Cette démission fut le point culminant des 10 jours de manifestations qui ont eu lieu à Erevan et partout ailleurs en Arménie visant à forcer le départ de Sargsyan. Les manifestants ont exprimé leur ressentiment de longue date à l'égard de Sargsyan, Président de l'Arménie pendant dix années de stagnation économique et de corruption profonde au plus haut niveau. Mais ils ont été galvanisés par l'annonce de Sargsyan deux semaines auparavant qu'il allait prendre le poste de premier ministre alors que le pays passait d'un régime présidentiel à un régime parlementaire, offrant ainsi la perspective de continuer à gouverner indéfiniment.

L'Arménie a connu un certain nombre de grands mouvements de protestation de rue au cours des dernières années, ce qui rendait la plupart des observateurs sceptiques quant à l'efficacité d'un nouveau mouvement de contestations. Mais cette fois, le ressentiment accumulé, combiné à l'habileté politique de Pashinyan, ont créé une dynamique que le gouvernement ne pouvait pas arrêter.

La nouvelle stupéfiante de la démission de Sargsyan a envoyé des dizaines de milliers gens en liesse dans les rues d'Erevan, affluant sur la place de la République, le centre géographique du mouvement de protestation en pleine jubilation.

Les groupes se sont divisés en cercles de danse criant “Victoire !” et “Arménie !” Des hommes en survêtement se donnaient de chaleureuses accolades;  un groupe d'adolescentes à l'esprit civique ramassait même les bouteilles de plastique vides dans la rue. Certains se sont assis tranquillement sur la place, satisfaits d'être entourés de leurs joyeux concitoyens.

“C'est comme si notre nation venait de renaître,” a déclaré l'une des participantes aux célébrations, Sona Makasyan.

Quand on lui a demandé ce qu'elle pensait qui allait advenir de l’Arménie, Makasyan s'est mise à sautiller. “Ça va être génial !” a-t-elle déclaré. “Non, nous savons qu'il y aura des difficultés, mais c'est la première étape. C'est une nouvelle Arménie.”

Beaucoup de présent ont pris la peine de remercier les policiers présents sur les lieux. Tout au long des manifestations, de nombreux Arméniens craignaient qu'une violente répression puisse être mise en place, et il y a eu des cas épars d'arrestations violentes de manifestants par la police.

Mais ces épisodes ont été pardonnés car la répression décisive n'a jamais eu lieu.
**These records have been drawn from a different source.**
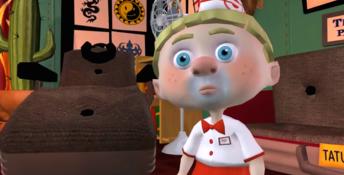 Sam & Max: Episode 1 - Culture Shock PC Screenshot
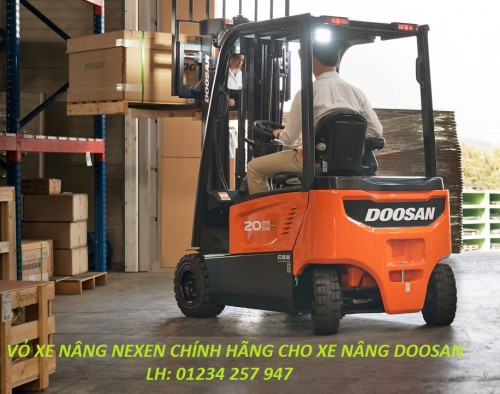 CÁC CÔNG TY XE NÂNG TẠI MIỀN NAM - Phần 1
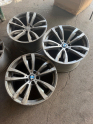 BMW X6 f16 orijinal jant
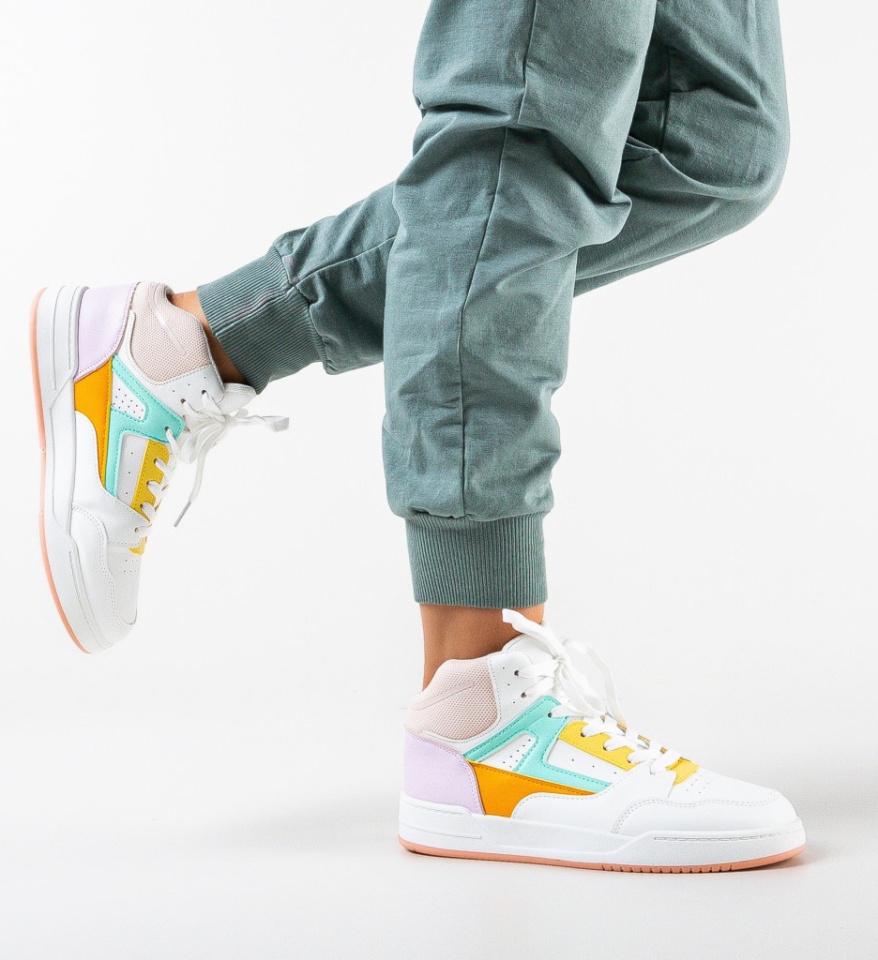 Sneakers dama Blevins Multi - Img 6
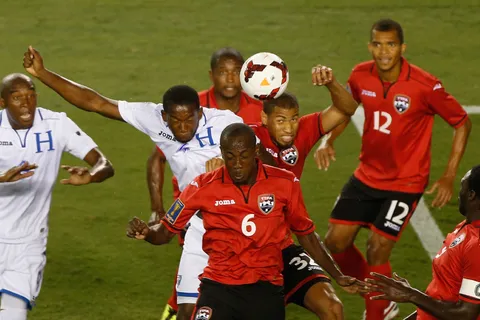 Así le ha ido a Honduras en sus enfrentamientos contra Trinidad y Tobago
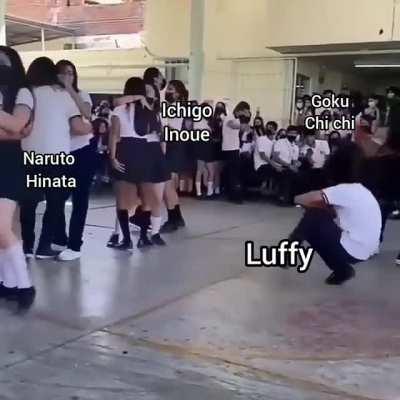 Only meat can fix him now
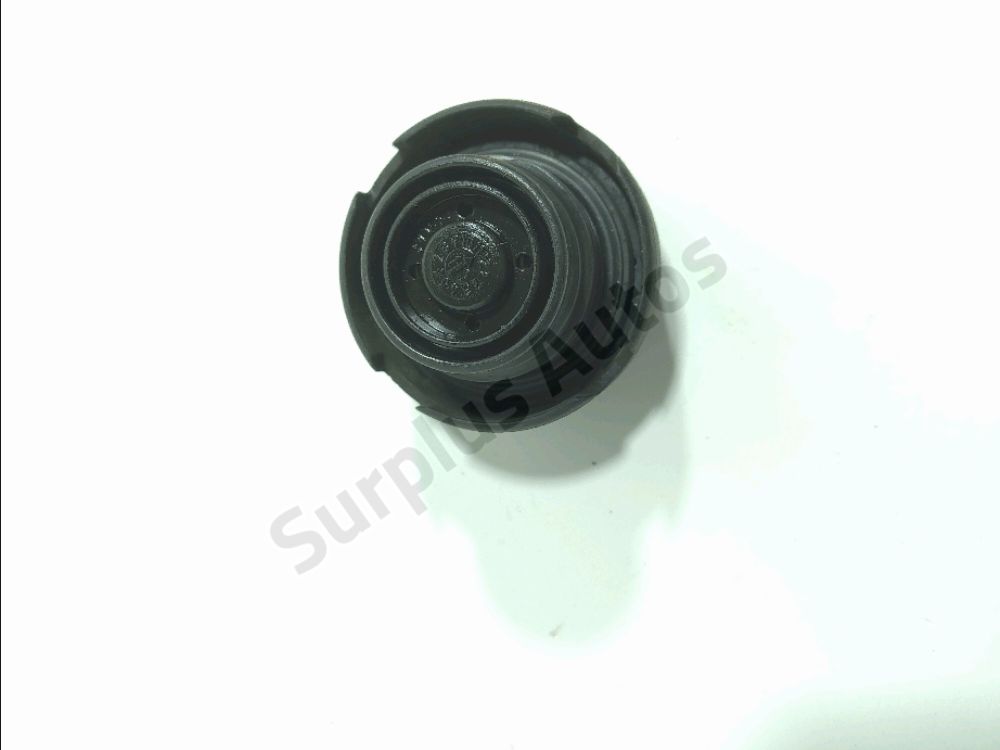 Bouchon de réservoir à carburant
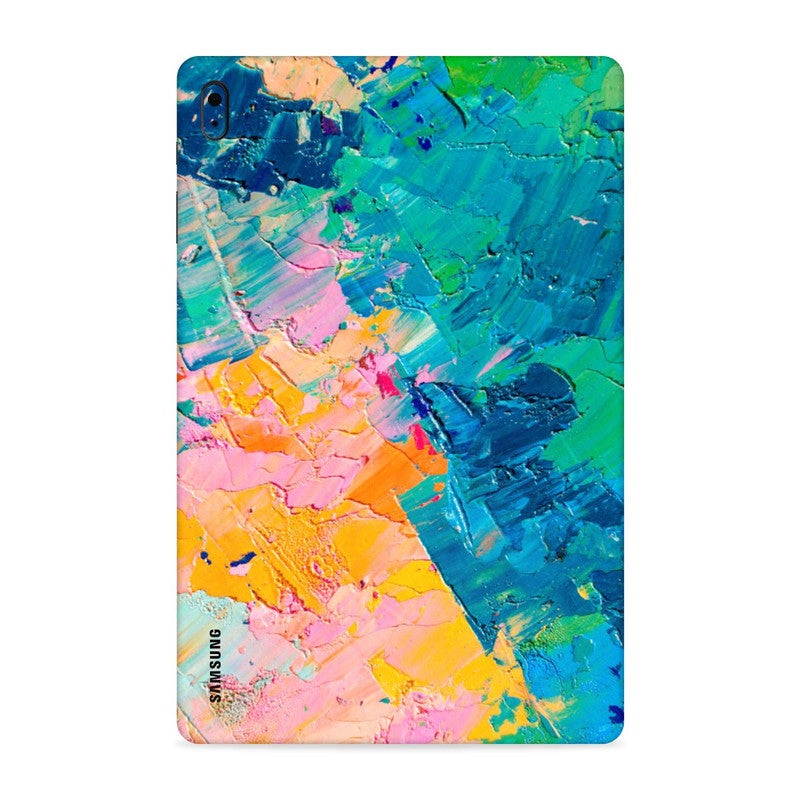Canvas Tab Skin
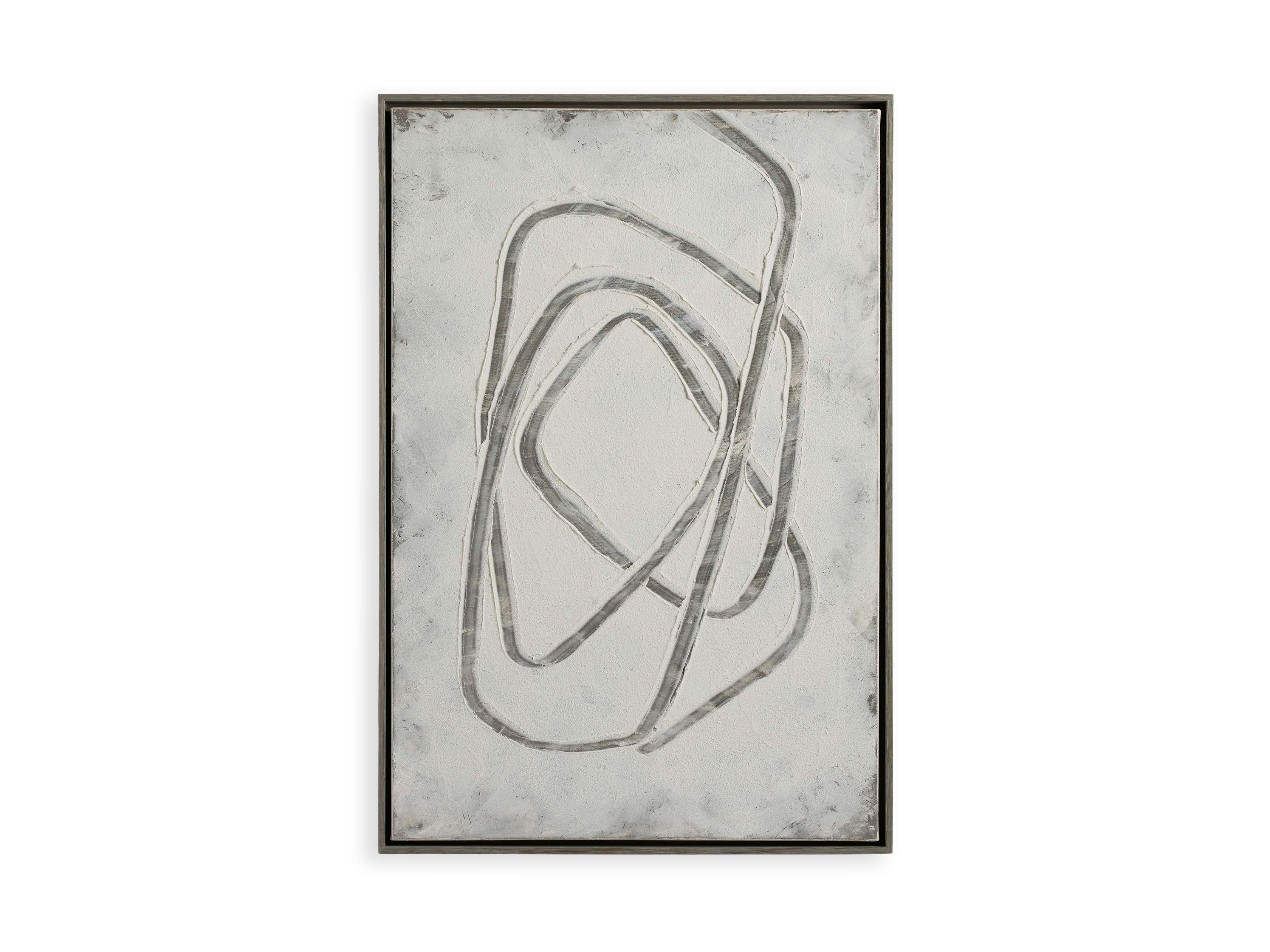 Arhaus DEEP IN THOUGHT I WALL ART The Summit at Fritz Farm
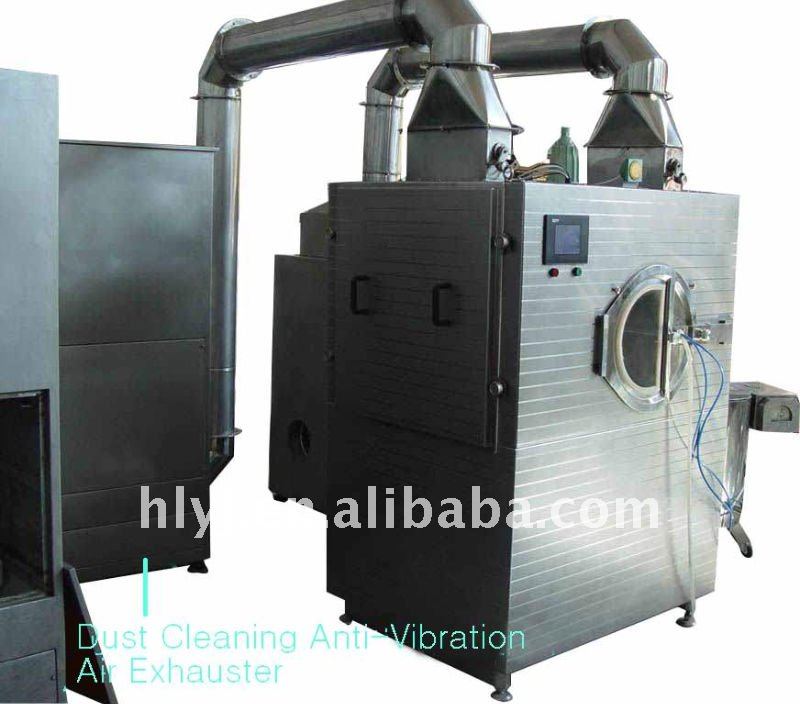 tablet coating machine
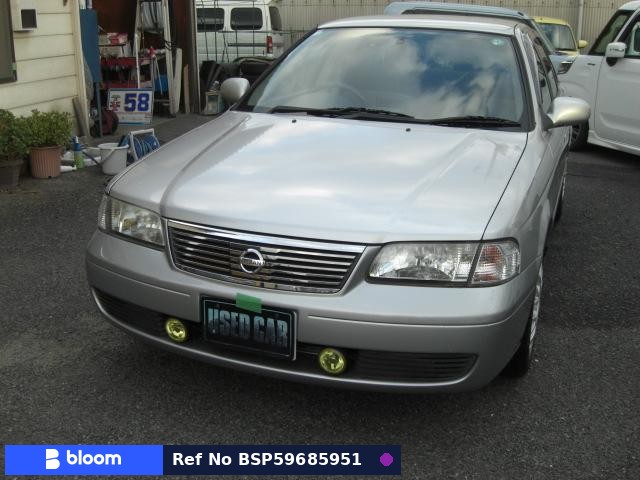 2002 Nissan Sunny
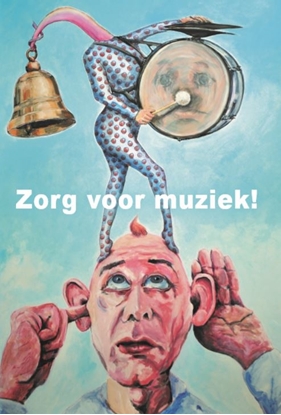 Afbeeldingen van Zorg voor muziek!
Une jeune fille d'une vingtaine d'années a enlevé le béret rouge d'un agent des forces spéciales de la police, l'a mis et a posé pour un selfie avec lui pendant qu'il souriait timidement.

“J'espère que maintenant tout va être fait pour le bien du peuple, que la police servira le peuple et non les dirigeants,” a déclaré une autre orésente, Karen Muradyan.

revelers take to the streets of Yerevan after Sargsyan resigns on April 23

Karen Hayapetyan, un officier béret rouge qui se trouvait à proximité, recevait les félicitations des passants. Il a exprimé laconiquement l'espoir que “tout ira mieux maintenant”, mais il a ajouté que “nous avons toujours servi le peuple”.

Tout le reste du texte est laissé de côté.